What was the chain of events that helped facilitate the process of developing countries becoming beholden to institutions like the IMF and the
World Bank which dictated neoliberal policies—starting with the OPEC oil crisis of the early 1970s and the petrodollars that were produced by those countries in the Middle East that had oil?
DH: There’s a very interesting story to be told about that and I’m not sure it has been fully elaborated upon yet. With the OPEC oil price hike in 1973, a vast amount of money was being accumulated by the Saudis and other Gulf states. And then the big question was: well, what’s going to happen to that money? Now, we do know that the U.S. government was very anxious that that money be brought back to New York, to be circulated back into the global economy via the New York investment banks, and persuaded the Saudis to do that. Why the Saudis were persuaded to do it remains a bit of a mystery. We know from British intelligence sources that the U.S. was actually prepared to invade Saudi Arabia in 1973, but whether the Saudis were told: recycle the money through New York or you get invaded … who knows?

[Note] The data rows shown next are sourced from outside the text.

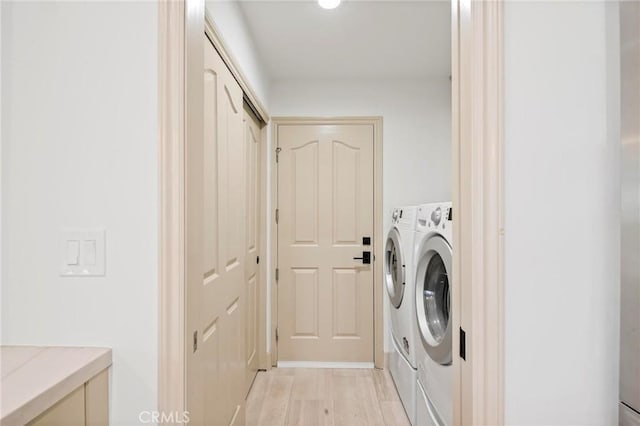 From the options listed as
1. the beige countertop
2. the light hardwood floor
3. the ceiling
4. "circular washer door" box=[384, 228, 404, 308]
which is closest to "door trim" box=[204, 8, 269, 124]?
the ceiling

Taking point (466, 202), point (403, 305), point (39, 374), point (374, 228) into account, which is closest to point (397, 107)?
point (374, 228)

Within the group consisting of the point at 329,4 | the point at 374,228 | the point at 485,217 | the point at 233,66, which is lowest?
the point at 374,228

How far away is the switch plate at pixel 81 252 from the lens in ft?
2.93

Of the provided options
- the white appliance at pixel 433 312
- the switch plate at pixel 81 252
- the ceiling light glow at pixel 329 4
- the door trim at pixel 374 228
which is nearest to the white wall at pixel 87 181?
the switch plate at pixel 81 252

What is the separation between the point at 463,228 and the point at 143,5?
0.93 metres

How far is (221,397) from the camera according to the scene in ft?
5.07

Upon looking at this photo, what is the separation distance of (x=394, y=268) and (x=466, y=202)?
1898mm

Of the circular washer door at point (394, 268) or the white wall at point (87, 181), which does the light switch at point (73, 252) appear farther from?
the circular washer door at point (394, 268)

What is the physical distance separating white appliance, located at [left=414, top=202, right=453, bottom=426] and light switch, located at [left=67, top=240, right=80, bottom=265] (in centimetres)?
122

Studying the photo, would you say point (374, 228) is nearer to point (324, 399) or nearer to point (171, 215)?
point (324, 399)

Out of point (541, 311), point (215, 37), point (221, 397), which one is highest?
point (215, 37)

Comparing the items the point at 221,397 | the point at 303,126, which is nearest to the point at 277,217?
the point at 303,126

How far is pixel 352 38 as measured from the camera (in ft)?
7.88

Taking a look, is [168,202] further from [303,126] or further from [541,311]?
[303,126] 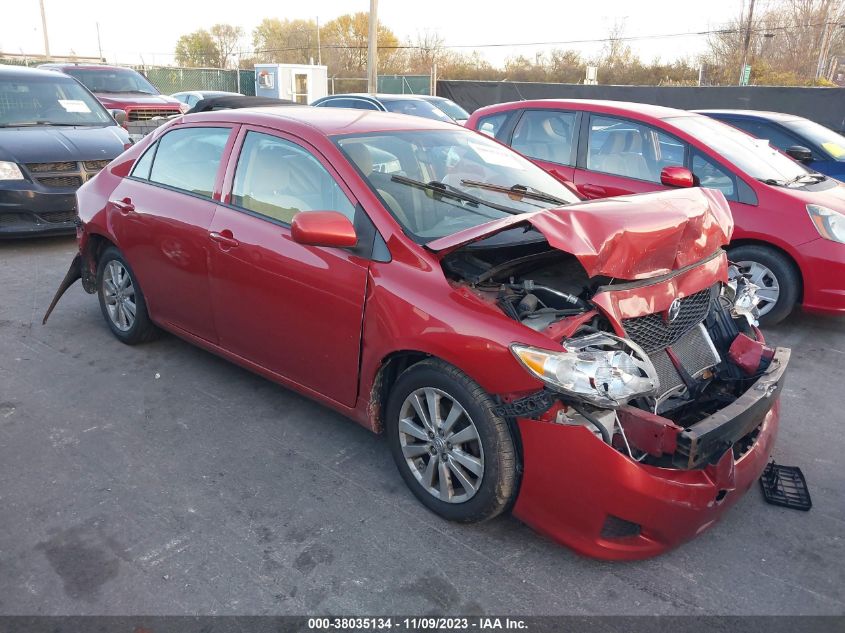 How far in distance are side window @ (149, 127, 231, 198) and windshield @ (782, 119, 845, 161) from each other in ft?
21.9

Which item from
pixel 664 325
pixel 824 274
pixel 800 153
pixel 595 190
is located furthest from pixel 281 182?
pixel 800 153

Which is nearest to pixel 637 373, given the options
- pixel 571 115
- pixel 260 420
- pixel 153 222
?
pixel 260 420

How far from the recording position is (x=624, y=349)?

Now, the New York investment banks then had vast amounts of money. Where were they going to invest it? The economy wasn’t doing very well at all in 1974–75, as, all over, it was in depression. Citibank head Walter Wriston came up with the comment that the safest place to invest the money is in countries, because countries can’t disappear—you always know where they are. And so they started to make the money available to many countries like Argentina, Mexico—Latin America was very popular—but also places like Poland even. They lent a lot of money to those countries.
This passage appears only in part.